Sacchetti più forte anche del sacchettismo

In questa puntata di Guerin Basket la Coppa Italia di Cremona, l'All Star Game NBA da buttare e la rinascita di Cantù...

Sacchetti più forte anche del sacchettismo
© LAPRESSE

Stefano OlivariStefano Olivari

Pubblicato il 19 febbraio 2019, 14:06

La Coppa Italia vinta da Cremona è un premio a imprenditori come Aldo Vanoli, grazie ai quali sta in piedi quel che rimane dell’Italia, a uno scopritore di talenti sommersi come Gianmaria Vacirca, ma anche ad un allenatore come Meo Sacchetti che con un budget risicato ha messo creato una squadra sorprendente, anche perché capace di andare oltre i canoni del sacchettismo, di cui (sottovoce) sparlano tanti colleghi schiavi del mito della cosiddetta ‘mano dell’allenatore’. Nelle tre partite di Firenze la difesa della Vanoli è stata infatti straordinaria, il resto l’hanno fatto la leaderhip tecnica e mentale di Travis Diener, la concretezza di Crawford, l'intimidazione di Mathiang. Non si può dire che nel club dell'allenatore della Nazionale gli italiani siano decisivi, ma Ruzzier e Ricci hanno comunque fatto la loro parte e del resto le regole attuali rendono gli italiani forti quasi improponibili, dal punto di vista finanziario, per realtà come Cremona. Troppo facile confrontare la Cremona di Sacchetti con il fallimento della Milano di Pianigiani, sempre con una scusa pronta: anche se sarà l'accesso, più che possibile, ai playoff di Eurolega a fare la differenza fra una buona stagione e un cattiva stagione.  

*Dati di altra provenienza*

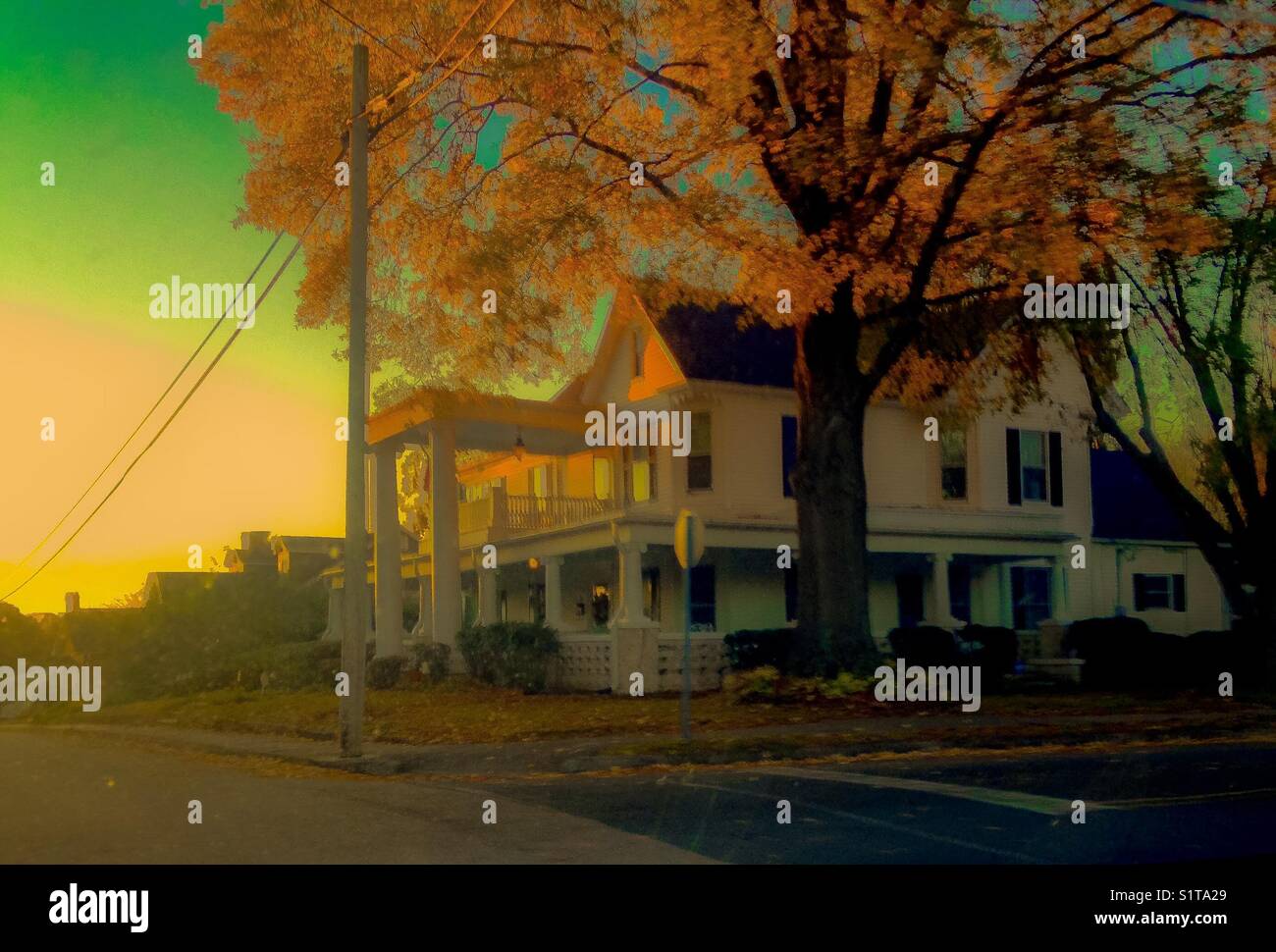 Lighting white house hi-res stock photography and images - Alamy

Si può giocare la peggiore pallacanestro del mondo anche avendo in campo i migliori 24 giocatori del mondo, l’All Star Game di Charlotte lo ha dimostrato una volta di più. Con l’aggravante di una formula, dall’anno scorso non più Est contro Ovest ma squadre scelte da due capitani (nel 2019 da LeBron e Antetokounmpo) che vanno su e giù per il campo sparacchiando: 167 tiri da tre tentati, praticamente tre e mezzo al minuto. Spettacolo imbarazzante, anche per un’esibizione, con Antetokounmpo unico a giocare sul serio e Durant MVP. Siamo da sempre sostenitori di USA contro resto del mondo, per dare un po’ di motivazioni in più, ma la visione della Rookie Challenge, che ha proprio questa formula, ci ha ugualmente depresso. Quasi meglio il wrestling, aspettando aprile.  

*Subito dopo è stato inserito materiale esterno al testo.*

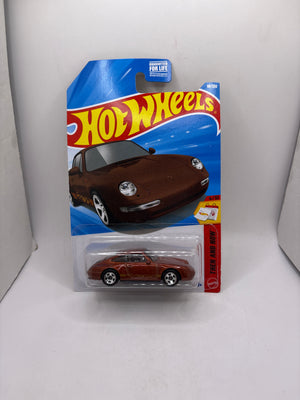 Hot Wheels 96 Porsche Carrera Diecast brown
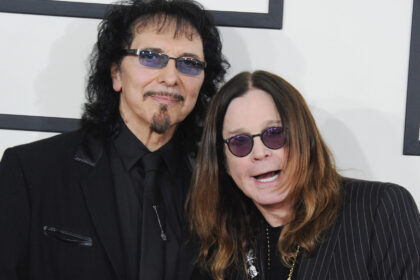 Tony Iommi relembra última conversa com Ozzy Osbourne antes de sua morte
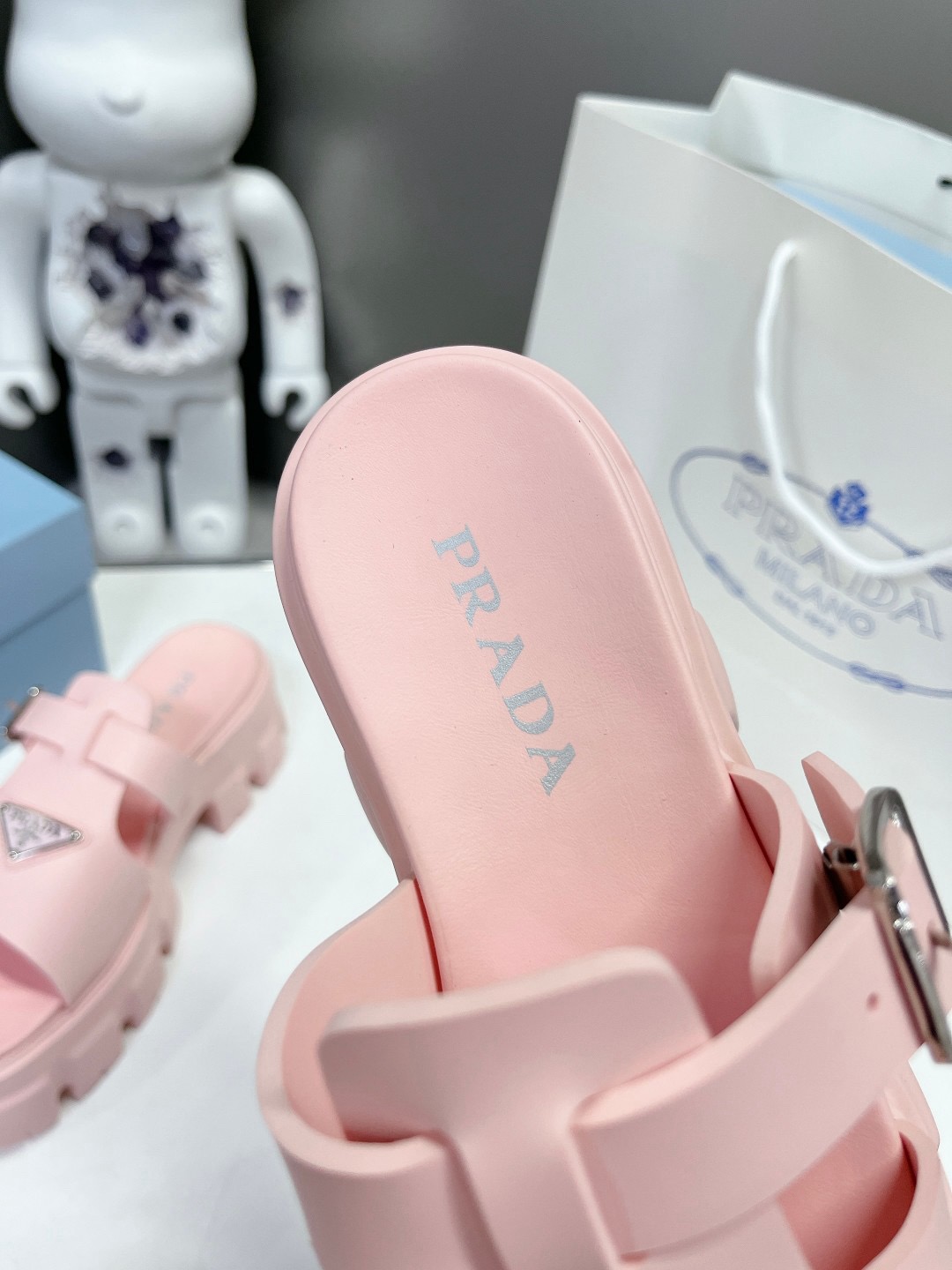 Women Top Quality P*rada shoes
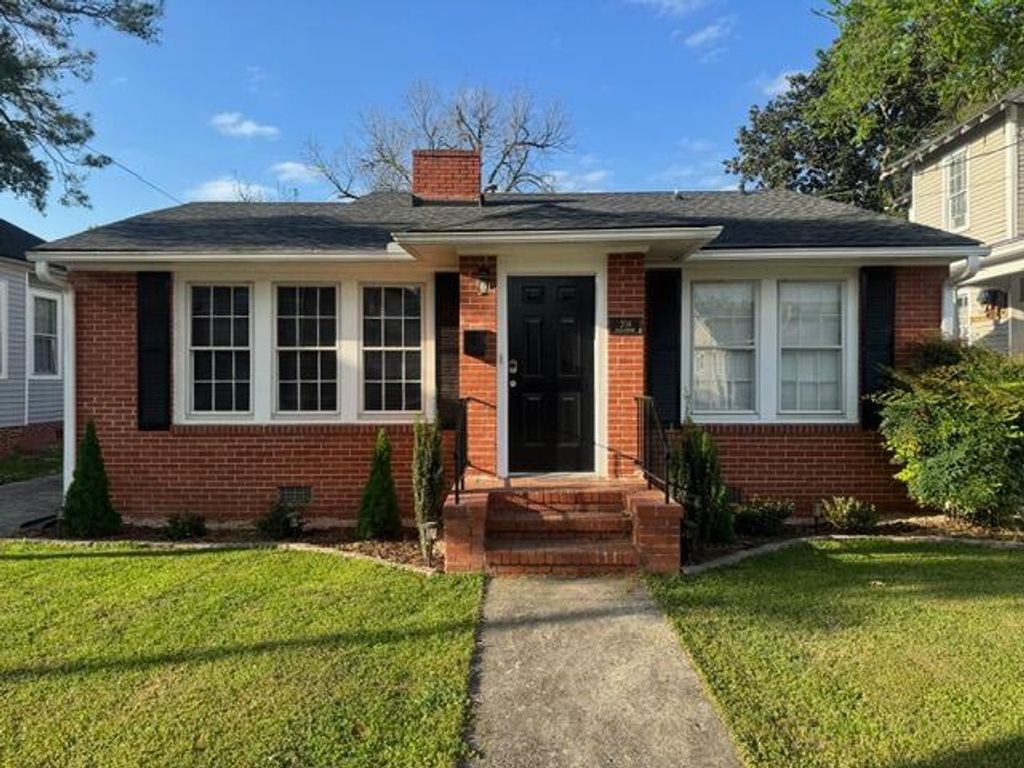 Photo of 204 Ellis Street, Augusta, GA 30901 (MLS # 554168)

Cantù è salva? Forse no, ma di sicuro essersi liberati di Gerasimenko è un ottimo punto di partenza. Nella sostanza il club è stato rilevato da Tutti Insieme Cantù, una fondazione con centinaia di soci e aziende, qualcosa di molto simile all’azionariato popolare che tutti auspicano non solo a Cantù e che potrebbe risolvere molti problemi della pallacanestro italiana. La soluzione pare però in questo caso di transizione, con alla finestra imprenditori americani (immancabili, così si può scrivere ciò che si vuole) e italiani, ma la speranza è che Cantù ritrovi la sua anima senza aspettare improbabili salvatori: magari con presidente-bandiera come Marzorati o Riva. Con la pallacanestro non si guadagna, è credibile soltanto chi interviene per pubbliche relazioni personali, ambizioni o passione. Di certo i Cremascoli tre anni fa non potevano lasciare il club in mani peggiori.